§ **What to produce**
Reproduce all of the data exactly. Images are not to appear in the reply.

§ **Information**
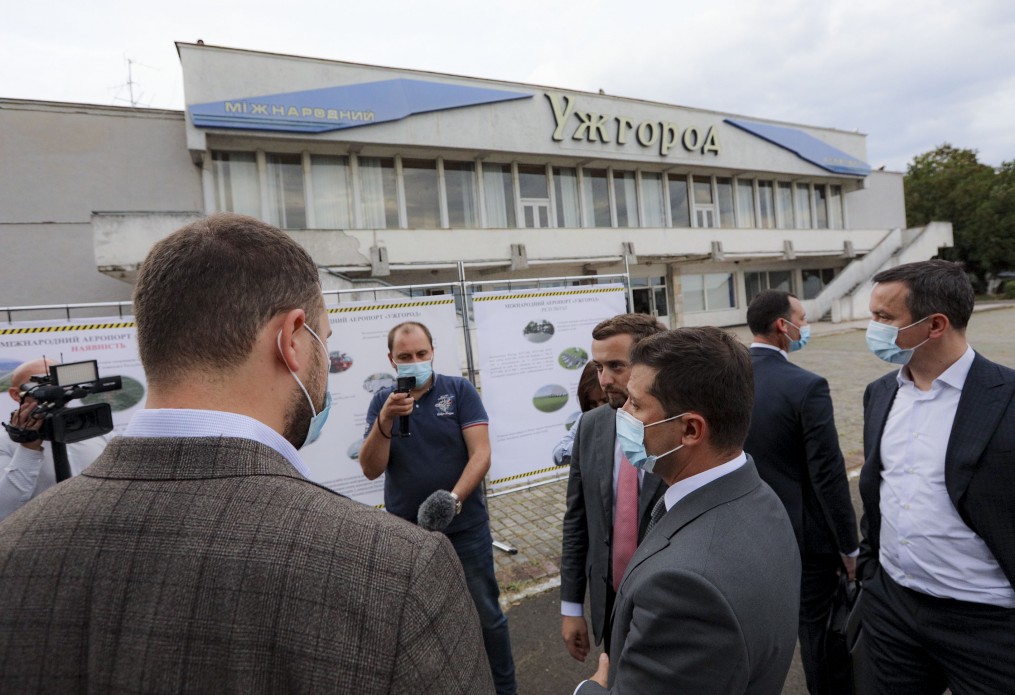 Перші пасажирські рейси з аеропорту "Ужгород" плануються на початку листопада (ФОТО)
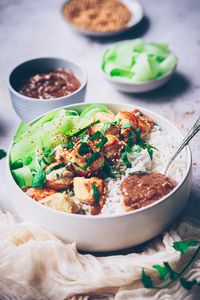 recette de blanc de poulet parfumé à la sauce satay - confitbanane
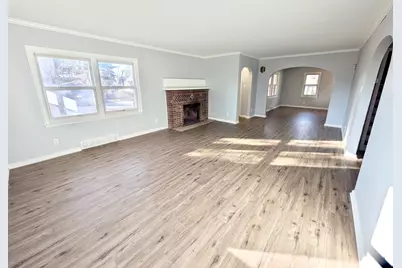 313 N Carroll Avenue, Michigan City, IN 46360 - Photo 6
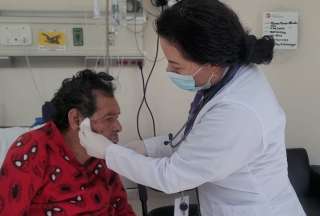 Profesionales de la salud brindan apoyo a afectados por el aluvión de Baños (Tungurahua). 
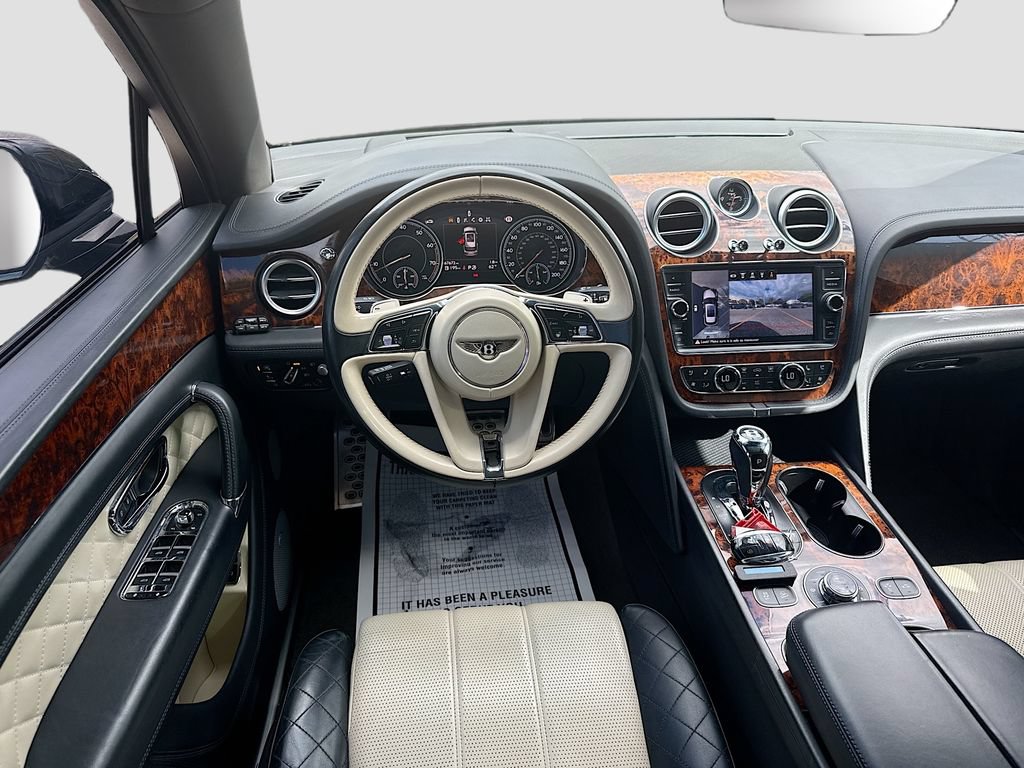 Used 2018 Bentley Bentayga AWD/4WD image 24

§ **Your response**
 Перші пасажирські рейси з аеропорту "Ужгород" плануються на початку листопада (ФОТО)
 recette de blanc de poulet parfumé à la sauce satay - confitbanane
 313 N Carroll Avenue, Michigan City, IN 46360 - Photo 6
 Profesionales de la salud brindan apoyo a afectados por el aluvión de Baños (Tungurahua). 
 Used 2018 Bentley Bentayga AWD/4WD image 24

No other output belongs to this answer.